Isoniazid
Isoniazid (INH)
Generic Name
Isoniazid (INH)
Mechanism
- Isoniazid (INH) is a pro‑drug that is activated by the mycobacterial enzyme ethA.
- Once activated, it alkylates the mycobacterial enoyl‑ACP reductase (InhA), inhibiting mycolic acid synthesis—essential for the mycobacterial cell wall.
- The blockade of mycolic acids disrupts cell wall integrity, leading to mycobacterial lysis.
- Host activation: Acetylation in the liver (by N‑acetyltransferase 2, NAT2) determines systemic exposure; slow acetylators (≈30% of Caucasians, higher in Africans) have higher serum levels and increased risk of neurotoxicity.
Pharmacokinetics
| Parameter | Details |
| Absorption | Oral, >90 % bioavailability; peak plasma 3–6 h. |
| Distribution | Widely distributed; crosses placenta and CSF (infected sites). |
| Protein binding | 44 % – largely unbound. |
| Metabolism | Hepatic acetylation by NAT2 → acetyl‑isoniazid (inactive). |
| Elimination | Renal (≈60 % unchanged, 30–40 % as acetyl‑isoniazid). |
| Half‑life | 4–6 h (slow) / 1–1.5 h (fast); overall T½ ~4 h (slow) and 2 h (fast). |
| Special populations | Renal impairment: ~10‑15 % longer half‑life; hepatic impairment: minimal effect. |
Indications
- Prophylaxis of latent *Mycobacterium tuberculosis* infection in high‑risk contacts, HIV‑positive patients, and immunosuppressed individuals.
- Adjunctive therapy for active pulmonary or extrapulmonary TB in combination with rifampin, pyrazinamide, ethambutol, or other 4‑drug regimens.

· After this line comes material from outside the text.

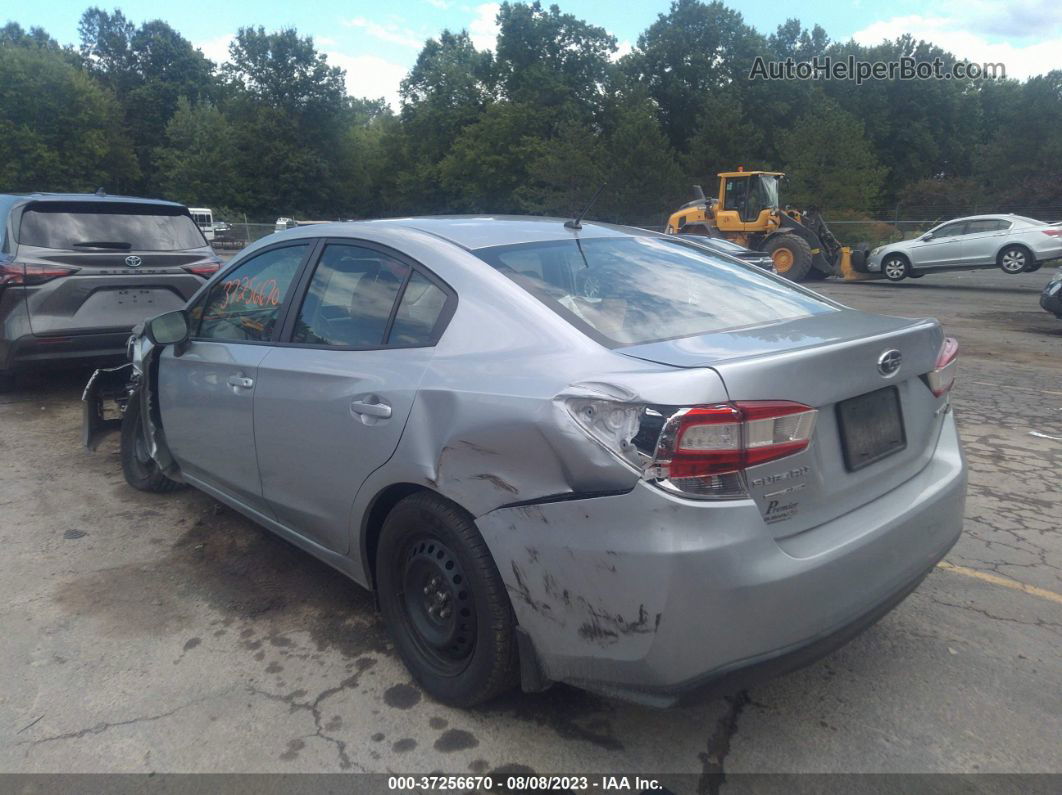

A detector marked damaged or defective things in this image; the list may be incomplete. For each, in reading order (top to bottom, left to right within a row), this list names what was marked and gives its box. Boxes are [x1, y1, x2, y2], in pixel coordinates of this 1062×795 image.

damaged silver sedan [84, 218, 964, 709]
crack in pavement [696, 687, 747, 793] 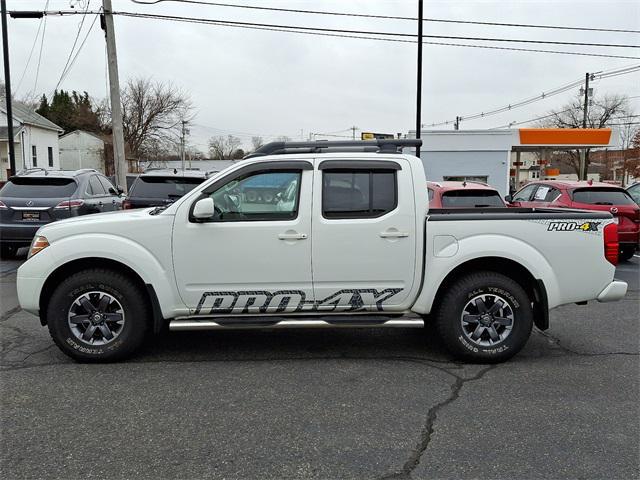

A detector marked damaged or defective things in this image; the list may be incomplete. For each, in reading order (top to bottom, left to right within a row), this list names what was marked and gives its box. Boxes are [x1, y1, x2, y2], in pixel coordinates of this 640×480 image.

- Short‑course therapy for INH‑sensitive TB (6–9 months depending on regimen).
Contraindications
- Contraindications
- Known hypersensitivity to pyridoxine or INH.
- Severe hepatic dysfunction (ALT/AST >3× ULN) before therapy initiation.
- Warnings
- Drug‑induced hepatitis—symptoms: nausea, vomiting, dark urine, malaise.
- Peripheral neuropathy (especially in patients with malnutrition, diabetes, chronic alcoholism).
- Acetylator status—slow acetylators have ↑neurotoxicity risk; consider pyridoxine supplementation.
- Drug interactions: ↓INH efficacy with oral contraceptives (increases excretion); ↑INH levels with valproic acid.
- Teratogenicity: No definitive evidence of fetal harm in humans; however, avoid in pregnancy unless benefit outweighs risk.
Dosing
| Population | Dose | Frequency | Notes |
| Adults (latent TB) | 300 mg | Once daily | SR (sustained‑release) formulation preferred; orally, with food to improve tolerance. |
| Adults (active TB) | 300 mg | Once daily | Use with pyridoxine 25–50 mg/day to prevent neuropathy; adjust for slow acetylators (higher incidence of toxicity). |
| Children (≥6 months) | 10 mg/kg (max 300 mg) | Daily | Adjust by weight; monitor for neurotoxicity. |
| Renal impairment | ± dose adjustment if CrCl <30 mL/min, but usually no adjustment needed. |
• Administration tips
• Take with a meal (or milk) to reduce GI upset.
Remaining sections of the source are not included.